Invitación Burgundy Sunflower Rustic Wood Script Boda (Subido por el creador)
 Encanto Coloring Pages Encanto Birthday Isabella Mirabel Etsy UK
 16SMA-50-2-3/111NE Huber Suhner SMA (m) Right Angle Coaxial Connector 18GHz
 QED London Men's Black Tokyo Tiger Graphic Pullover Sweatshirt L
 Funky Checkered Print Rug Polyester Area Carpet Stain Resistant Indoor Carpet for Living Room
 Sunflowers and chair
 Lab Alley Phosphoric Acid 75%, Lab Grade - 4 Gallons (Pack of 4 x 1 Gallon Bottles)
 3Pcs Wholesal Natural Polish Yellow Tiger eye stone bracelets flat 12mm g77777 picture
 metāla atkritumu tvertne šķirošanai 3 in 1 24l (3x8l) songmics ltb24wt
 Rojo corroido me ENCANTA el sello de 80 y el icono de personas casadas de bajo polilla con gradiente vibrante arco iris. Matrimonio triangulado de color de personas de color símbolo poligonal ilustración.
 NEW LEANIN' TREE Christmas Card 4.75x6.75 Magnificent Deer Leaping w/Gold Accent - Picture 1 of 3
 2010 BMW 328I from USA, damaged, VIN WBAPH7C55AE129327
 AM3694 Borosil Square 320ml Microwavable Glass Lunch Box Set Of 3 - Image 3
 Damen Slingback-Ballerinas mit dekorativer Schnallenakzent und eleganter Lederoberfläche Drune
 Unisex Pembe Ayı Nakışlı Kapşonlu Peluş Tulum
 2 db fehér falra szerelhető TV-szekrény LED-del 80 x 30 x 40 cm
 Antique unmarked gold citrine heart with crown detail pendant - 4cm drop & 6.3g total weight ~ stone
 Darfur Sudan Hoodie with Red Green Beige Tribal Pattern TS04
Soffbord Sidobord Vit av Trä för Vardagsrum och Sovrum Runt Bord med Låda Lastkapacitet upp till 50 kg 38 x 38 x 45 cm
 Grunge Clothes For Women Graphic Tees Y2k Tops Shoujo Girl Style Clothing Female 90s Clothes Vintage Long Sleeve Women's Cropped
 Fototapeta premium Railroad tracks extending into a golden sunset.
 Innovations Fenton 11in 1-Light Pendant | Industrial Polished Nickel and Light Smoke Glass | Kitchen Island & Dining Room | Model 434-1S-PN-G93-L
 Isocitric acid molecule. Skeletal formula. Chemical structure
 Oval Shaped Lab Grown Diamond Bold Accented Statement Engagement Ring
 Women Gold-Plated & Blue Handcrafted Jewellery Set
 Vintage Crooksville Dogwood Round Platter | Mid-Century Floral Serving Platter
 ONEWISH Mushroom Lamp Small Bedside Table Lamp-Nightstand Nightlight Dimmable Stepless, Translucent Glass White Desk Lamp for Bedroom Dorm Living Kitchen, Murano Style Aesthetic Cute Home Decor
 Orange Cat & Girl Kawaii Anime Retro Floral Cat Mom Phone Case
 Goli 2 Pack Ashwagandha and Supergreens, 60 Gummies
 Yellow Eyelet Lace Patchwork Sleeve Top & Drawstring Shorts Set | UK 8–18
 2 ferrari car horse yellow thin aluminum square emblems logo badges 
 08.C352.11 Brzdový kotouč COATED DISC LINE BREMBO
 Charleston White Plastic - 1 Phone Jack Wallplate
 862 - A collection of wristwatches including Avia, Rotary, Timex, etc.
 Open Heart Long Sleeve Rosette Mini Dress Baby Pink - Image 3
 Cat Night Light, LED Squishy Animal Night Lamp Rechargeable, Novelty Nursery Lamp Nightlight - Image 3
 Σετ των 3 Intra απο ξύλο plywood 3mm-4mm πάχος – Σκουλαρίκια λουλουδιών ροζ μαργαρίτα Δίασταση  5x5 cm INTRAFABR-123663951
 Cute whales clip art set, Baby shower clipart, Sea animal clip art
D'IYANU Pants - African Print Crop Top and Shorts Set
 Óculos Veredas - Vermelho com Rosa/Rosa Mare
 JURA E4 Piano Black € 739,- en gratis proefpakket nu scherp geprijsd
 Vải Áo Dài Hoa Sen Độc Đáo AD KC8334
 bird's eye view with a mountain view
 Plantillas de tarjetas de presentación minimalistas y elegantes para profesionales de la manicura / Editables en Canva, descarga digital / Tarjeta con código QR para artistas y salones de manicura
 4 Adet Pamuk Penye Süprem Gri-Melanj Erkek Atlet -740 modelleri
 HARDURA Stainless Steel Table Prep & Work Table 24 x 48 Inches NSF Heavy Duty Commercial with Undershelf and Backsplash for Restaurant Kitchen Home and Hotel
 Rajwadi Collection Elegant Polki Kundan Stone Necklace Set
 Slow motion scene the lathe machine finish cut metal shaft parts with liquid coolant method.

### What you need to do:
Check all the records above and select each line where the string "Floral" is found.

### Answer space:
 Vintage Crooksville Dogwood Round Platter | Mid-Century Floral Serving Platter
 Orange Cat & Girl Kawaii Anime Retro Floral Cat Mom Phone Case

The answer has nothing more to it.